Jeu des échecs, société politique et art de la guerre. Les révolutions du XVIIIe siècle
Didier Renard
Renard, Didier, Jeu des échecs, société politique et art de la guerre. Les révolutions du XVIIIe siècle, Politix, vol. 15, n° 58, Deuxième trimestre 2002. Guerres et paix, sous la direction de Annie Collovald et Pierre Lascoumes, p. 89-107
Extrait de l’article
“Ludimus effigiem belli, simulataque veris
Proelia, buxo aciesfictas et ludicra régna.”Marco Girolamo Vida, Scacchia ludus, 1527
Lorsque François-André Danican Philidor fait paraître à Londres, en 1749, L’Analyze des Echecs, il ouvre la voie à une double révolution. Le jeu des échecs, introduit en Europe autour de l’an mil, s’y était installé comme une pratique sociale caractéristique des élites militaires et politiques. Jeu emblématique des chevaliers que la chanson de geste montre y révélant la noblesse de leurs origines et la littérature courtoise y conquérant leur dame, il devient jeu curial, « gentile intertenimento ed ingenioso » avant d’apparaître au XVIIe siècle comme le jeu royal par excellence dont la philosophie, inspirée de la conduite de la guerre et la représentant, prépare les jeunes princes aux devoirs à venir de leur règne.

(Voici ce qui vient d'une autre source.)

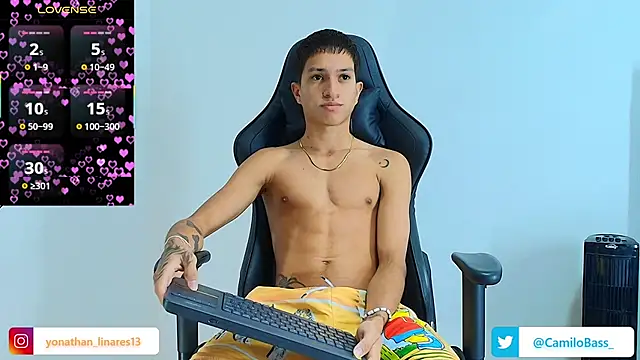  CamiloBass online show from October 13, 7:48 pm
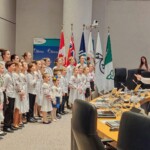 Le Chœur d’enfants ukrainiens, dirigé par Oleksii Fishchuk, chante l’hymne national devant le Conseil.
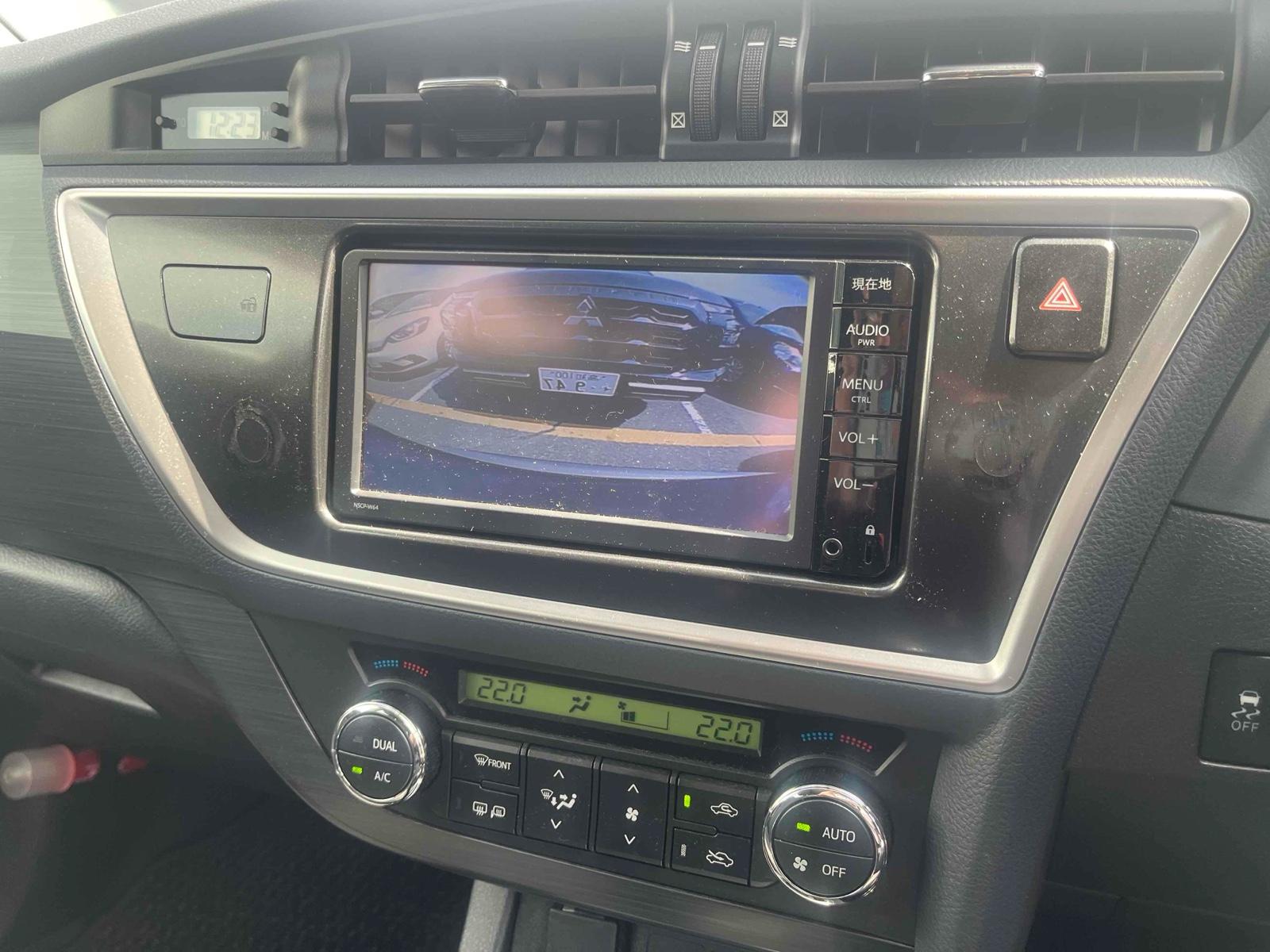 TOYOTA AURIS 150X Image 9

On sait que dès le XVe siècle seigneurs et souverains rémunèrent les joueurs les plus talentueux pour qu’ils se mesurent à eux, à leurs hôtes et aux champions de cours voisines ou rivales. Ainsi les meilleurs joueurs italiens défont-ils leurs adversaires espagnols en 1575, à Madrid, à la cour, en présence de Philippe II. Ce sont ces joueurs qui, à leur usage personnel ou en hommage à leurs patrons, rédigent les premiers ouvrages techniques, recueils de parties augmentés parfois de conseils de comportement. Leur rédaction et leur contenu témoignent d’une pratique où le mouvement des pièces majeures s’ouvrant dès que possible le passage vers le roi adverse est invariablement privilégié. Les parties de l’époque, celles par exemple que nous connaissons de la rencontre de 1575, sont donc brèves et spectaculaires. Elles révèlent au regard de ce qu’on connaît aujourd’hui une médiocre qualité, mais d’abord et surtout une conception radicalement différente du jeu.